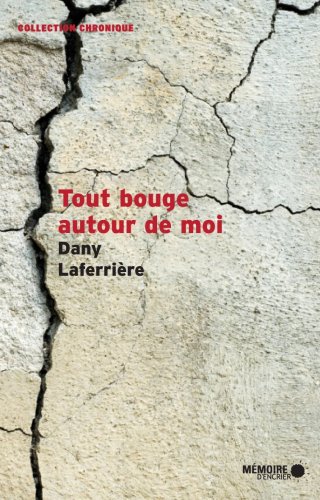 Beispielbild fr Tout Bouge Autour de Moi zum Verkauf von Better World Books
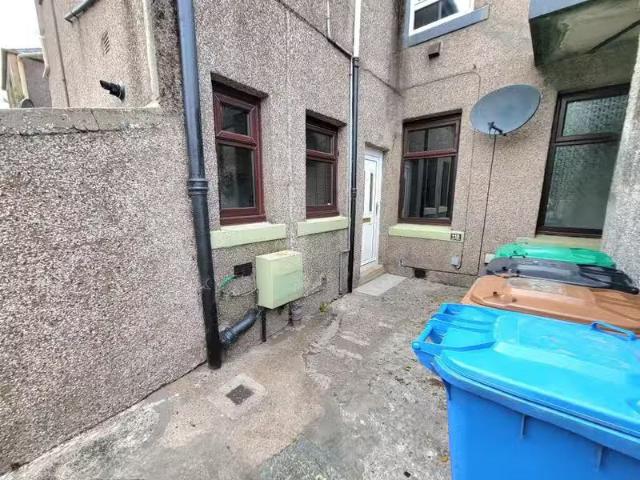 House for rent in Aberhill, Methil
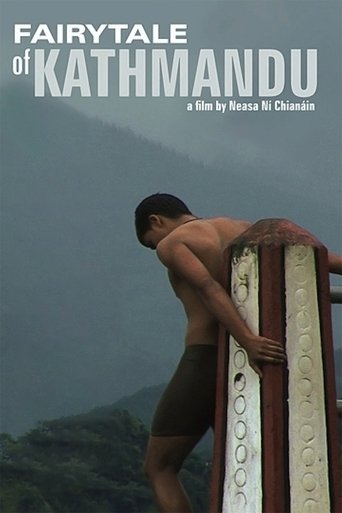 Fairytale of Kathmandu Poster of Fairytale of Kathmandu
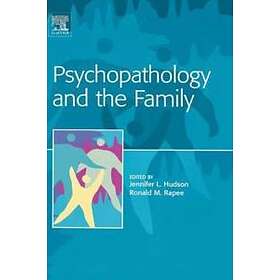 Jennifer Hudson: Psychopathology and the Family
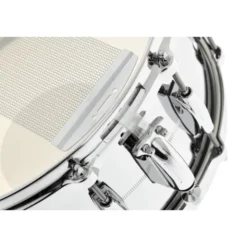 Gretsch Drums 14"x6,5" Snare Chrome o. Brass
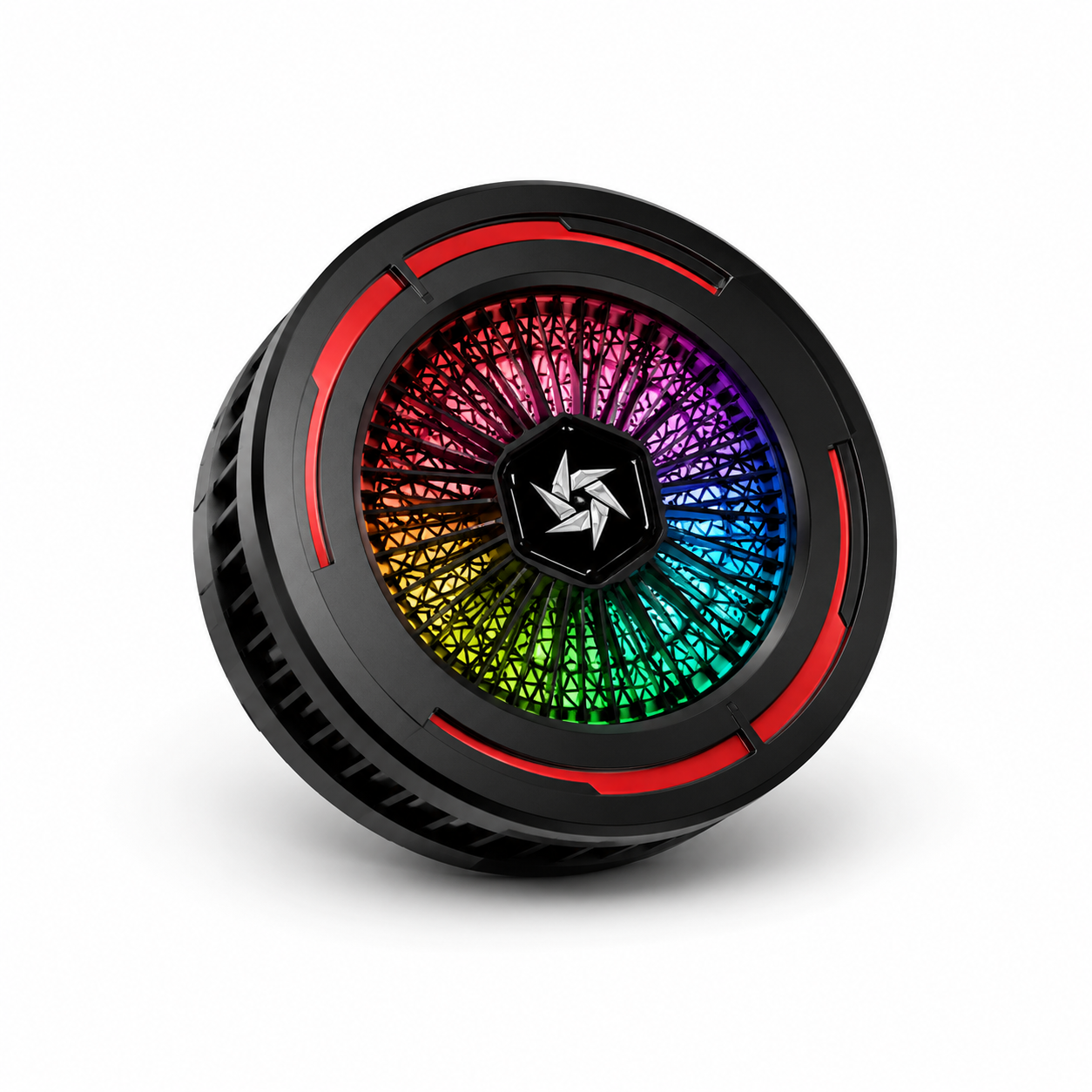 RGB Mobile Cooling Fan – SL-91 | Pwolimarket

========

The entire listing above, minus its pictures, should be copied out exactly.

 Beispielbild fr Tout Bouge Autour de Moi zum Verkauf von Better World Books
 House for rent in Aberhill, Methil
 Fairytale of Kathmandu Poster of Fairytale of Kathmandu
 Jennifer Hudson: Psychopathology and the Family
 Gretsch Drums 14"x6,5" Snare Chrome o. Brass
 RGB Mobile Cooling Fan – SL-91 | Pwolimarket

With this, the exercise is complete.